YOUR TASK
Return all the data, word for word.

INFORMATION SHOWN
____________

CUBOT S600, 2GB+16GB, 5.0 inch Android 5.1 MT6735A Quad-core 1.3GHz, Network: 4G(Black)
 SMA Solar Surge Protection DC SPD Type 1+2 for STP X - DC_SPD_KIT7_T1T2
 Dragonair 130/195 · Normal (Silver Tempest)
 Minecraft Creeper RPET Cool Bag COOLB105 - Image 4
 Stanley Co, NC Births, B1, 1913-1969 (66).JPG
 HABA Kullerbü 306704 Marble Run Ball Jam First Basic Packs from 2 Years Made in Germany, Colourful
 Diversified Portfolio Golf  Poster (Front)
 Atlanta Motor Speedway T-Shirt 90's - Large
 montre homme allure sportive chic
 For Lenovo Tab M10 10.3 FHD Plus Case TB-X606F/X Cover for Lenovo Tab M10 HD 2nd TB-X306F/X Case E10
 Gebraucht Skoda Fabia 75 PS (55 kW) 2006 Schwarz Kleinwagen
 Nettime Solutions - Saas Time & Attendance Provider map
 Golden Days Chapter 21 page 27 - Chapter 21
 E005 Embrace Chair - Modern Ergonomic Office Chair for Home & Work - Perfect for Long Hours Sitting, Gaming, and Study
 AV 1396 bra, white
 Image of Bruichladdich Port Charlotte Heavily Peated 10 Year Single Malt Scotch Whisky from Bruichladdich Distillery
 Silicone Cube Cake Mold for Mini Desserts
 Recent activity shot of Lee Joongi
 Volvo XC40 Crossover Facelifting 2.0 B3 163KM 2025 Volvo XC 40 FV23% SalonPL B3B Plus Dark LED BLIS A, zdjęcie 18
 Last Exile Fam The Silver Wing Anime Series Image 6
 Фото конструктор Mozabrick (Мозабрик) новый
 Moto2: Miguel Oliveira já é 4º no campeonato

____________

EXERCISE ANSWER
CUBOT S600, 2GB+16GB, 5.0 inch Android 5.1 MT6735A Quad-core 1.3GHz, Network: 4G(Black)
 SMA Solar Surge Protection DC SPD Type 1+2 for STP X - DC_SPD_KIT7_T1T2
 Dragonair 130/195 · Normal (Silver Tempest)
 Minecraft Creeper RPET Cool Bag COOLB105 - Image 4
 Stanley Co, NC Births, B1, 1913-1969 (66).JPG
 HABA Kullerbü 306704 Marble Run Ball Jam First Basic Packs from 2 Years Made in Germany, Colourful
 Diversified Portfolio Golf  Poster (Front)
 Atlanta Motor Speedway T-Shirt 90's - Large
 montre homme allure sportive chic
 For Lenovo Tab M10 10.3 FHD Plus Case TB-X606F/X Cover for Lenovo Tab M10 HD 2nd TB-X306F/X Case E10
 Gebraucht Skoda Fabia 75 PS (55 kW) 2006 Schwarz Kleinwagen
 Nettime Solutions - Saas Time & Attendance Provider map
 Golden Days Chapter 21 page 27 - Chapter 21
 E005 Embrace Chair - Modern Ergonomic Office Chair for Home & Work - Perfect for Long Hours Sitting, Gaming, and Study
 AV 1396 bra, white
 Image of Bruichladdich Port Charlotte Heavily Peated 10 Year Single Malt Scotch Whisky from Bruichladdich Distillery
 Silicone Cube Cake Mold for Mini Desserts
 Recent activity shot of Lee Joongi
 Volvo XC40 Crossover Facelifting 2.0 B3 163KM 2025 Volvo XC 40 FV23% SalonPL B3B Plus Dark LED BLIS A, zdjęcie 18
 Last Exile Fam The Silver Wing Anime Series Image 6
 Фото конструктор Mozabrick (Мозабрик) новый
 Moto2: Miguel Oliveira já é 4º no campeonato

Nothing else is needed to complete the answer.